My feeling about Korea today is ... okay. It feels good being able to talk with someone who can actually let me see, mentally, what I'm getting into.
I received a phone call from a good brother-friend of mine, J Guy. He was so upset that I'd be leaving my kids to serve this tour. I was pretty encouraged by him calling to comfort me and share his brotherly love for me. I felt loved.
I'm trying to get a hold of my friend, Daniel, who is currently struggling with a divorce. He and his family are a beautiful thing and I always admired them as a unit. To know that they are suffering so much hurts me and I'm so concerned for them all. He hasn't written me back in almost a month and the last e-mail he wrote expressed how frustrated, angry, and hurt he is. I sent him another e-mail today. Tomorrow, I will try to call him.
Patrick and I are about to Skype tonight. I sent him part one of two Christmas gifts and I want him to open it tonight. Partly because I was worried when he told me that the FedEx guy tossed it onto his porch. It's a wooden humidor! I'm worried it might be broken and I want to be able to have him return it in time for him to receive part two-- eleven very fine Dominican cigars. I couldn't get Cubans. Anyway, I'm excited to see how he'll react if the humidor is in good shape. He likes cigars.
Lastly, I hate keeping this Korea a secret from the kids. I won't break, though. I don't want to hang that over their heads during Christmas. I'll wait til after my oldest boy's birthday in January. Sigh. I hate thinking of leaving them. If you're a parent, you know the feeling.
I wish I could bring Bruce with me. He's my companion, my friend. He may be a dog but he's my favorite person aside from my human-family. He looks at me with giant eyes and I hate knowing I won't see them for a whole year.
Finally, I just want to say that I praise God. For everything. He never wastes a hurt. He never wastes tears. He is my Father. And I love Him so much.
Goodnight, all.
Wednesday, December 10, 2014
Korea Prep
I'm not telling the kids about Korea until after the holidays and birthdays. I've decided to use the time I have with them to create some awesome memories. So far here's what I've done:
Friday, December 5, 2014
The Dreaded E-mail
"Congratulations! This is to notify you of your selection for a Permanent Change of Duty Station (PCS)..."
What?? I immediately remembered receiving a call for volunteers for Korea, Spain, Germany, Portugal, and England two weeks ago. So Big AF didn't get enough volunteers and now here I am with an assignment. The e-mail is a teaser. It congratulates you, but doesn't say where you're going or when. So I was left with anxiety and worry.
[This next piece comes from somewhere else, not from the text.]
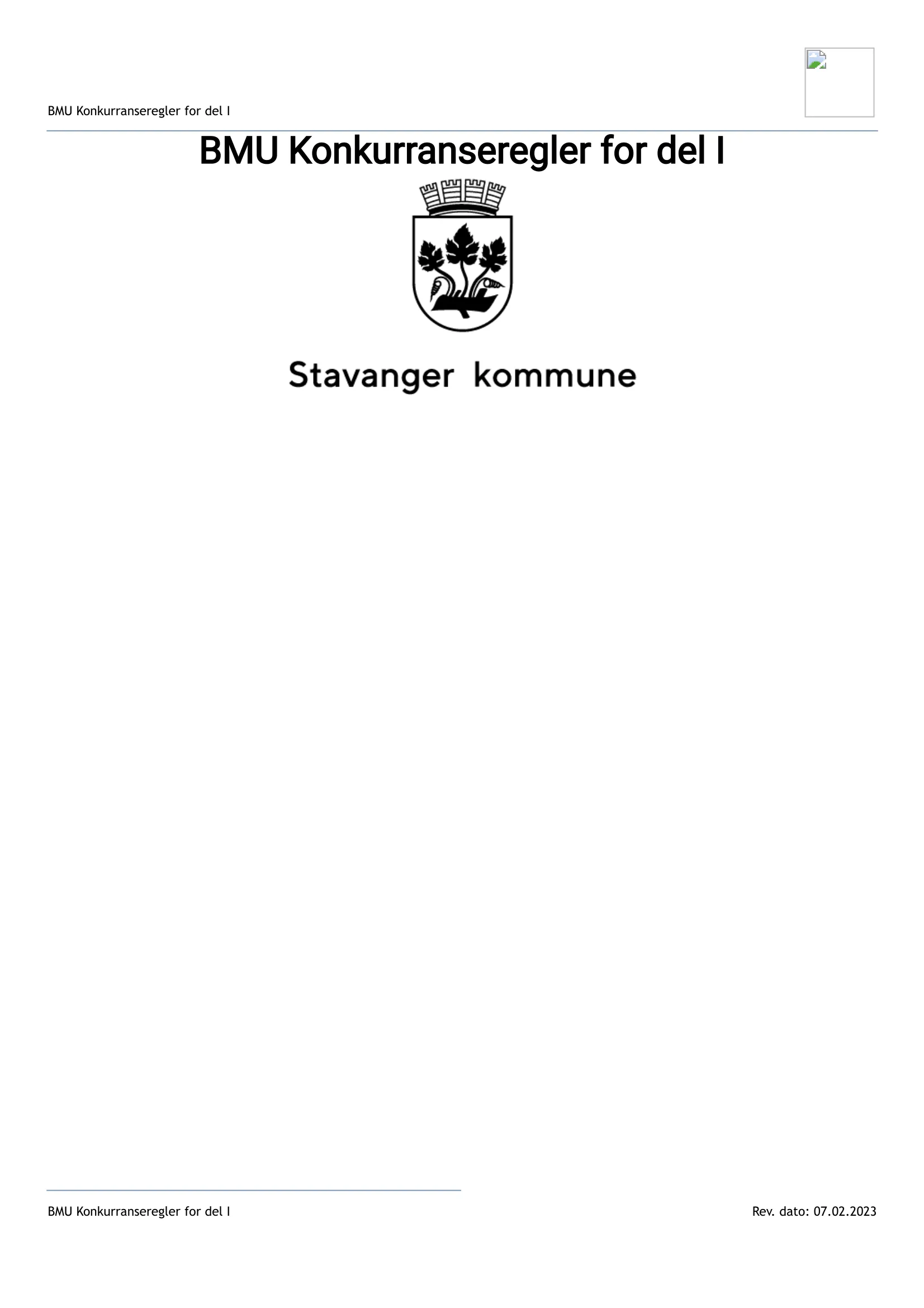 Konkurransebeskrivelse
If I got Germany or England, it would be a long tour and I would get to take my kids and pets. But we'd have to stay for 3 years. And if I got deployed from there, I'd have to spend thousands of dollars to send my kids back to the CONUS to live with my family.
If I got a short tour like Korea, Spain, or Portugal, then I'd only have to serve 15 months. But I would have to leave my children, pets and belongings behind.
Needless to say, I would've been unhappy with either.
I got to work and logged onto my computer.
And guess what, I leave in just a matter of months.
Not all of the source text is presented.